Microeconometrics Using Stata, Second Edition
Volume I: Cross-Sectional and Panel Regression Methods
Volume II: Nonlinear Models and Causal Inference Methods
Every applied economic researcher using Stata and everyone teaching or studying microeconometrics will benefit from Cameron and Trivedi's two volumes. They are an invaluable reference of the theory and intuition behind microeconometric methods using Stata. Those familiar with Cameron and Trivedi's Microeconometrics: Methods and Applications will find the same rigor. Those familiar with the previous edition of "Microeconometrics Using Stata" will find the familiar focus on Stata commands, their interpretation, and their connection with microeconometric theory as well as an introduction to computational concepts that should be part of any researcher's toolbox. And readers will find much more—so much more, the second edition required a second volume.
This new edition covers all the new Stata developments relevant to microeconometrics that appeared since the the last edition in 2010. For example, readers will find entire new chapters on treatment effects, duration models, spatial autoregressive models, lasso, and Bayesian analysis. But the authors didn't stop there. They also added discussions of the most recent microeconometric methods that have been contributed by the Stata community.

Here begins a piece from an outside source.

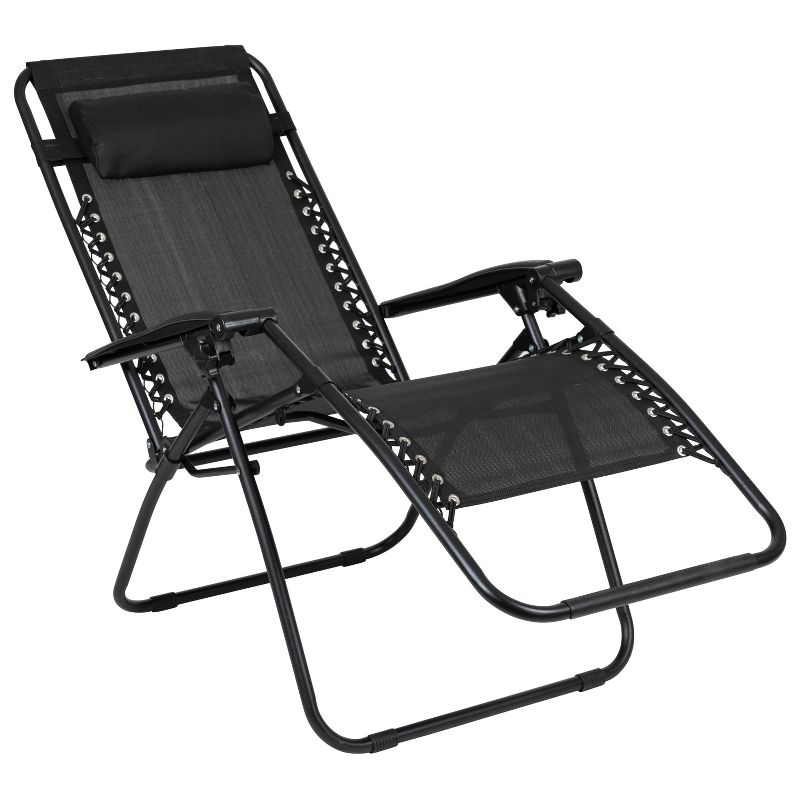 Emma and Oliver 2 Pack Adjustable Mesh Zero Gravity Lounge Chair with Cup Holder Tray - Black, 6 of 16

The first volume introduces foundational microeconometric methods, including linear and nonlinear methods for cross-sectional data and linear panel data with and without endogeneity as well as overviews of hypothesis and model-specification tests. Beyond this, it teaches bootstrap and simulation methods, quantile regression, finite mixture models, and nonparametric regression. It also includes an introduction to basic Stata concepts and programming and to Mata for matrix programming and basic optimization.
The second volume builds on methods introduced in the first volume and walks readers through a wide range of more advanced methods useful in economic research. It starts with an introduction to nonlinear optimization methods and then delves into binary outcome methods with and without endogeneity; tobit and selection model estimates with and without endogeneity; choice model estimation; count data with and without endogeneity for conditional means and count data for conditional quantiles; survival data; nonlinear panel-data methods with and without endogeneity; exogenous and endogenous treatment effects; spatial data modeling; semiparametric regression; lasso for prediction and inference; and Bayesian econometrics.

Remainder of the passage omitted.